The work proposes a methodology to identify non-perennial rivers and to assess their degree of temporariness. The data used are Sentinel-2 multispectral satellite images, distributed free of charge by the European Space Agency. Sentinel-2 has a nominal revisit time of around 5 days, however due to the occasional cloud cover the actual revisit time in the 2015–2021 years of observation averaged 15 days.

Analysis of the spectral signatures of the water, sediment, and vegetation classes allowed the identification of bands in which the spectral differences between the three classes are greatest. In red (B4), green (B3) and blue (B2) bands, water and vegetation have similar reflectance but can be distinguished from sediment. In the B8 band of the NIR, water and vegetation are clearly distinguishable while sediments are usually not distinguishable from vegetation. In the SWIR, B11 and B12 allow to distinguish fairly well all the classes. The FCIs composed of the B11, B8 and B4 bands resulted to bring out the differences between the three classes particularly well.

With FCIs it is possible to identify the three flowing status: continuous flow, disconnected pools and ponds and dry bed. Comparison with very high-resolution images and field observations showed very good agreement between estimated and actual flowing status. The analyses showed that wet channel or ponds are distinguishable if they are larger than 6 or 15 m in size. The random alignment between the water feature and the pixel determines whether the lower or the higher limit of the two applies.

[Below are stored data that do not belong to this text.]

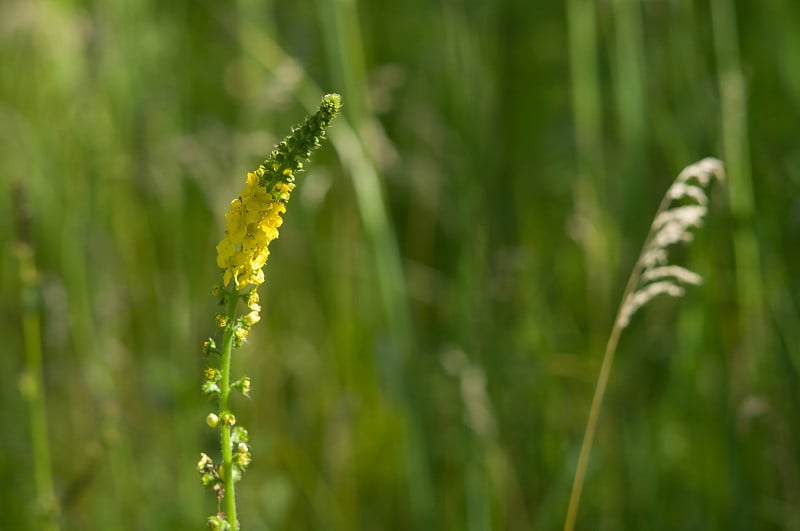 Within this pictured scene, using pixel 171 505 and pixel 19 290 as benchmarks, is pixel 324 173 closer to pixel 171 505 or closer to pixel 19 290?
pixel 171 505

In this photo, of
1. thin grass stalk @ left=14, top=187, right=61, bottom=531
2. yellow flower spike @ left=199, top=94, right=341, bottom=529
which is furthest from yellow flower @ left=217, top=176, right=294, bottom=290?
thin grass stalk @ left=14, top=187, right=61, bottom=531

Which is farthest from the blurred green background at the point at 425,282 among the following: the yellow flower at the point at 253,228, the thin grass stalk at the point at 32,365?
the yellow flower at the point at 253,228

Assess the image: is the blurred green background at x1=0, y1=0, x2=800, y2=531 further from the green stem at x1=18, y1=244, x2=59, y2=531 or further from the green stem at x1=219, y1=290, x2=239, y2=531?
the green stem at x1=219, y1=290, x2=239, y2=531

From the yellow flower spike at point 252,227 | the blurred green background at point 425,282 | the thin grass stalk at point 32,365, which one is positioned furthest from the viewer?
the blurred green background at point 425,282

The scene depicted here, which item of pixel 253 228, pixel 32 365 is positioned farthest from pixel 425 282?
pixel 253 228

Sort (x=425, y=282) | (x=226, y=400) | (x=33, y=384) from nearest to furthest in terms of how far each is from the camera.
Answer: (x=226, y=400), (x=33, y=384), (x=425, y=282)

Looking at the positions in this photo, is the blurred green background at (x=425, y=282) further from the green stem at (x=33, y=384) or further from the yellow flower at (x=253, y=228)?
the yellow flower at (x=253, y=228)

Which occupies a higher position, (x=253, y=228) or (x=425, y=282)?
(x=425, y=282)

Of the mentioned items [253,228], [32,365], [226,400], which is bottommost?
[226,400]

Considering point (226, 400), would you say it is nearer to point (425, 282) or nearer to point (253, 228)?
point (253, 228) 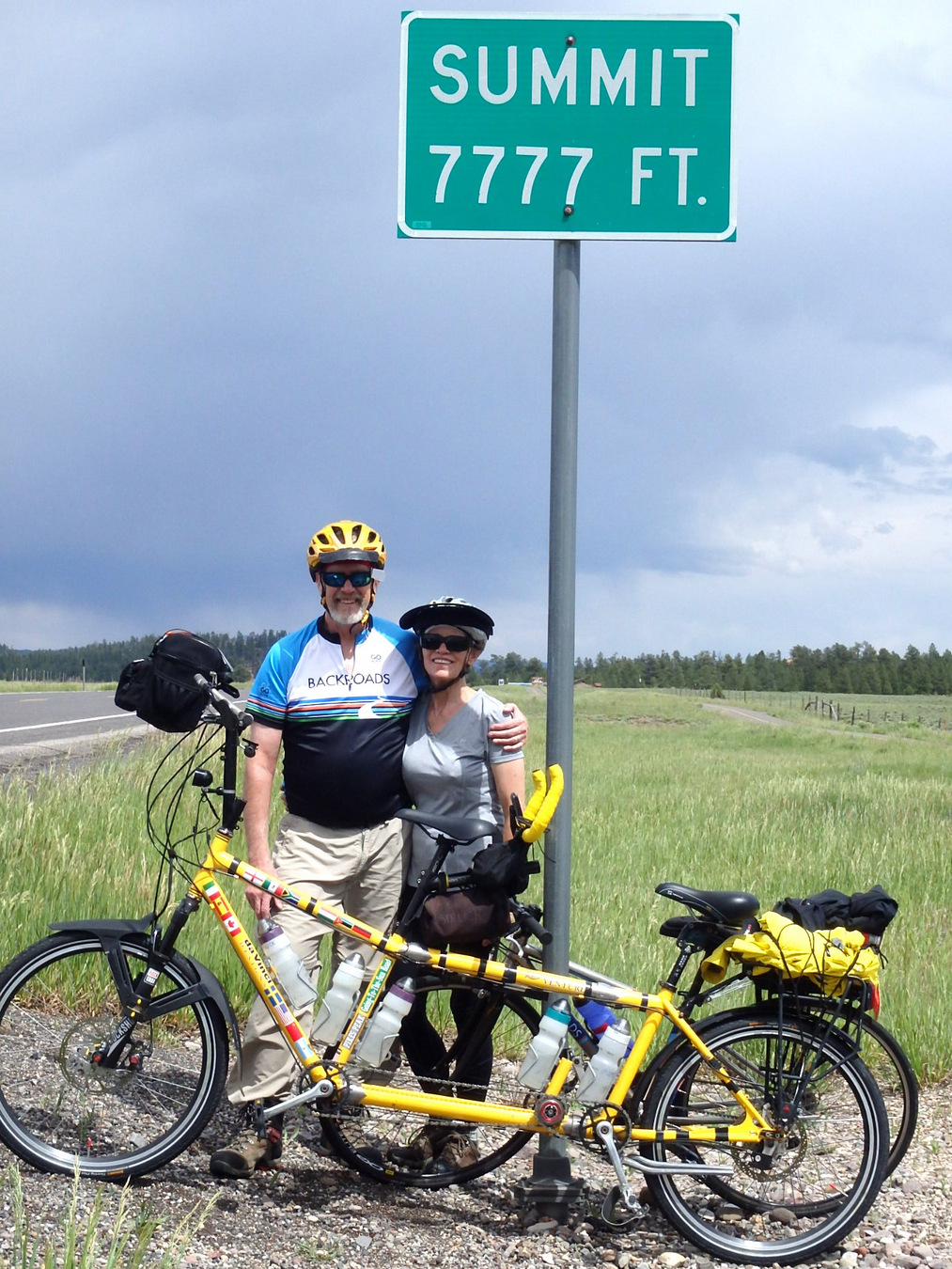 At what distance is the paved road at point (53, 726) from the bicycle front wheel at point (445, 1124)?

The set of flowing status derived from the FCIs was used to calibrate random forest models capable of predicting the flowing status on a daily basis. Two types of binary models were implemented, the first was used to distinguish between “flowing” and “non-flowing” phases and the second further detailed the "non-flowing" phase by separating between "ponding" and "dry" phases. Several rainfall and temperature variables were tested as model predictors. Among these, the cumulative rainfall (R90, R30, R10) and temperature (T90_MAX, T90_MEAN, T30_MAX) with higher temporal scales resulted in the most relevant predictors for considered RF models. Our analysis revealed that locally calibrated RF models generally performed better for assessing the duration of flowing status in NPRs, nevertheless Global Models can be developed for multiple rivers reaches characterized by kindred hydro-climatic contexts.

The daily series of flowing status allow the estimation of the degree of temporariness of rivers through, for example, the duration of the "dry" and the "non-flowing" periods. In the study reaches of the Sciarapotamo and Lambro streams, the average duration of “non-flowing” resulted equal to about 4 months, with the “dry” period varying between 28 and 149 days. The upstream reach of the Mingardo stream resulted never “dry” and the “non-flowing” period ranged between 5 and 113 days. For the downstream Mingardo reach, the “non-flowing” period ranged from 32 and 192 days and the “dry” one was between 7 and 191 days.

The methodology developed in this work can make a crucial contribution to the identification and mapping water presence in non-perennial rivers and the estimation of the frequency and duration of each flowing status (flowing, ponding, dry). The free and global coverage of the source data, Sentinel-2 satellite mission imagery, and the easy-to-use method, may allow a cost-effective application in different river reaches worldwide.